Emin Çölaşan, bugünkü “Örtülü ödenek açıklaması” başlıklı yazısında, Ulusal Kanal ve Vatan Partisi’nin ortak açıklamasına yer verdi.
Çölaşan önceki yazısında “Vatan Partisi ilginç bir yapı! Aslında Türk siyasetinde hiçbir ağırlığı ve önemi yok… Oysa biz geçmiş yıllarda bu partiyi küçük bile olsa solcu olarak bilirdik! Hatta bazıları komünist bilir ve çok kızardı. Vatan Partisi son yıllarda ilginç bir çizgi değişikliği yaptı… Ve AKP-MHP ortaklığının en büyük yandaşı, destekçisi oldu” dediğini hatırlattı.

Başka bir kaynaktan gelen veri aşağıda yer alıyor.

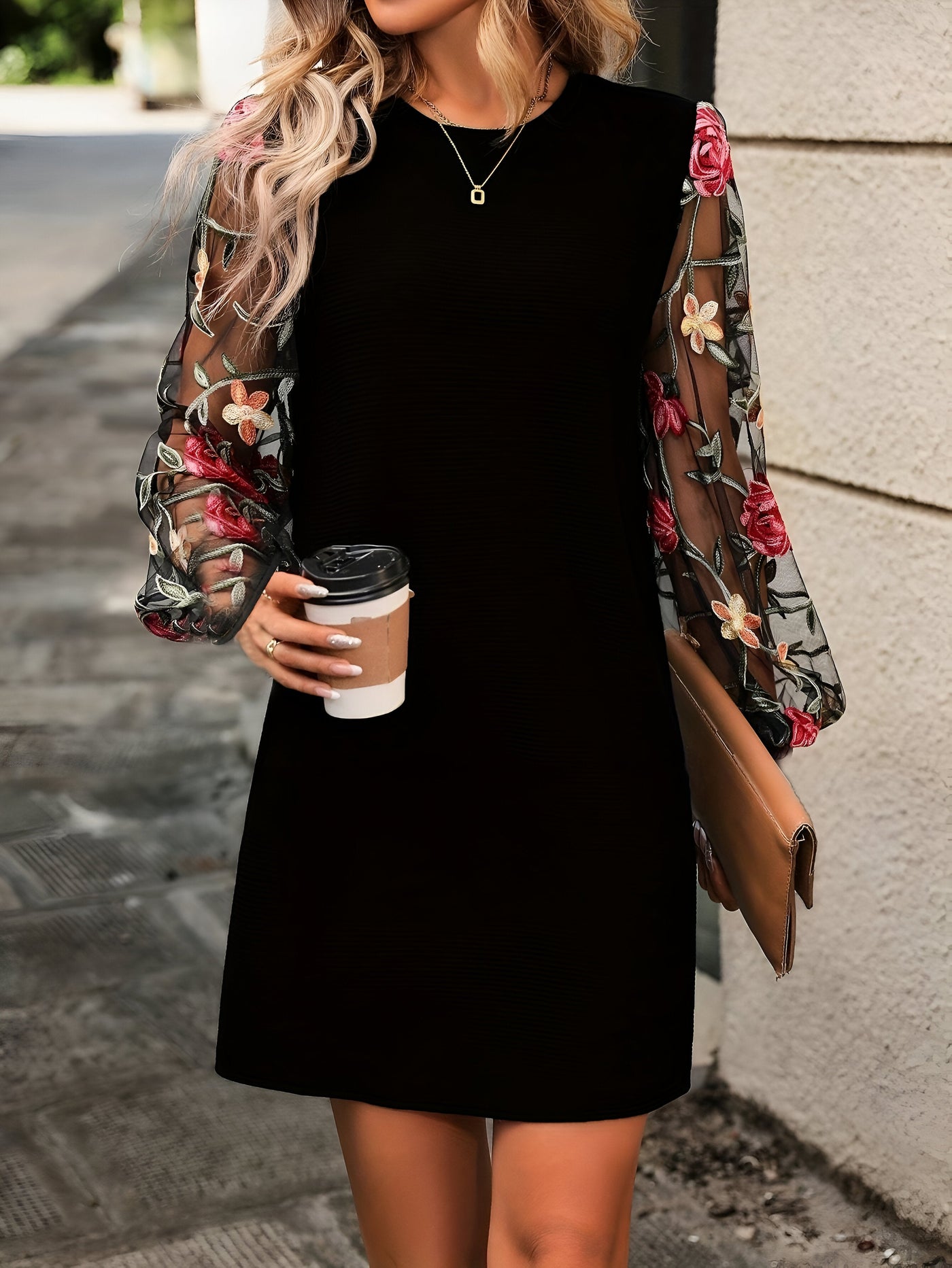 Amalie | Elegantes Patchwork-Spitzen- und Blumenstickerei-Schwarzes Kleid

“Bu söylediklerim yalan mı, yanlış mı?” diye soran Çölaşan, şunları yazdı:
“AKP-MHP iktidarının en büyük destekçisi olmadılar mı? Bütün güçleriyle iktidara destek vermiyorlar mı? Ancak gelin görün ki, yukarıdaki açıklamada bu konuda bir satır olsun bir şey söylemiyorlar.
Yazımdaki esas rahatsız edici sorun örtülü ödenek parası değil, işte budur…
Geçmişin ‘Devrimci sol’ partisinin günümüzde AKP-MHP iktidarının en büyük destekçisi kesilmesi ve neredeyse üçüncü ortağı olmasıdır! Bu 180 derecelik değişim acaba hangi koşullarda ve hangi amaçla gerçekleşti?
Bana tekzip gönderip yalancılıkla, iftira atmakla, gazetecilik namusunu çiğnemekle suçlayanların ‘Nasıl böylesine yandaş oldunuz’ sorusuna da birkaç satırla bile olsa değinmelerini beklerdim!”